GIVEN MATERIAL:
• • • • •

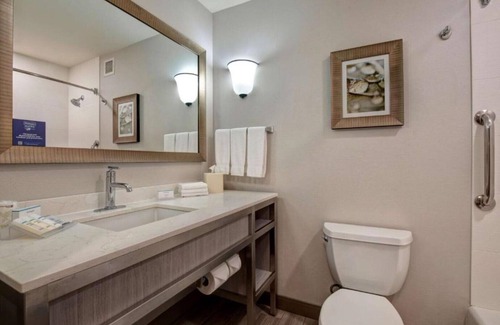 Five Oaks Casa | Easy access to Beaverton attractions
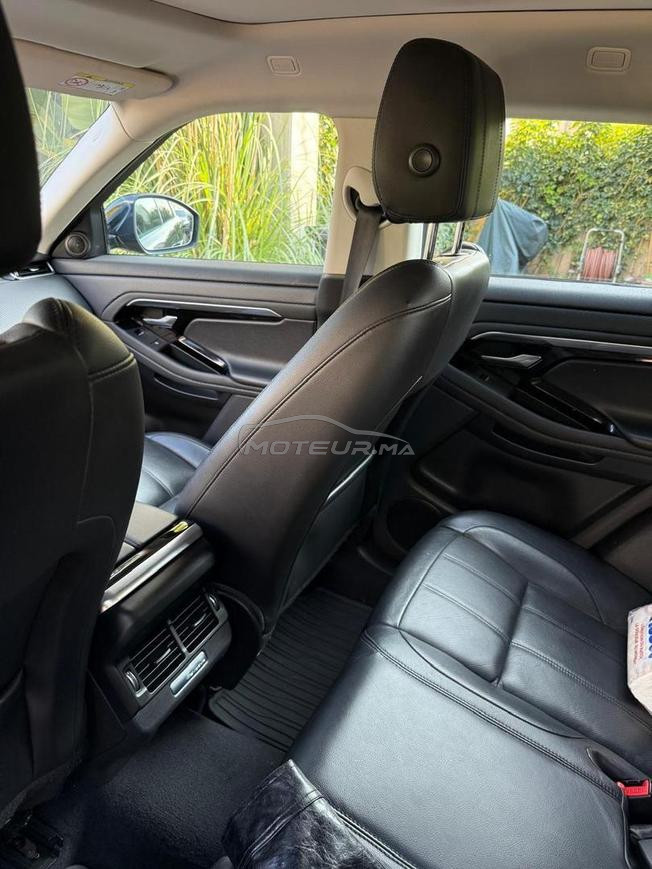 Range rover évoque 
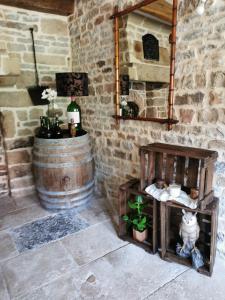 um quarto com um barril, uma mesa e um espelho em Chez Elodie em Pressigny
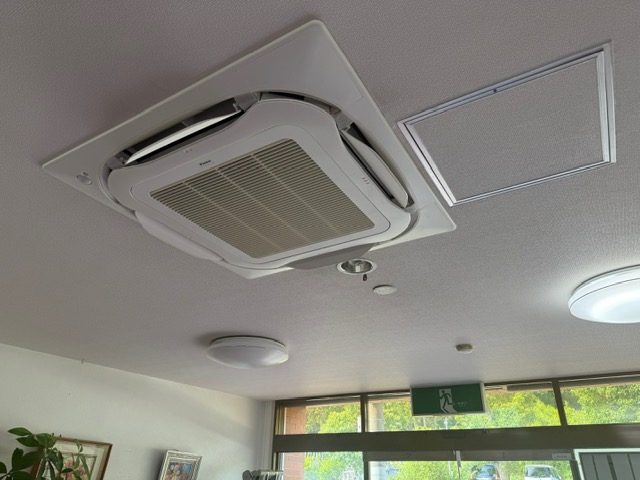 【神戸市　西区】デイサービス施設 エアコン取替工事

• • • • •

PROBLEM DESCRIPTION: Pictures stay out. Copy exactly, and only, the lines from the one containing "Range rover évoque" through the end of the data.

WRITTEN REPLY:
 Range rover évoque 
 um quarto com um barril, uma mesa e um espelho em Chez Elodie em Pressigny
 【神戸市　西区】デイサービス施設 エアコン取替工事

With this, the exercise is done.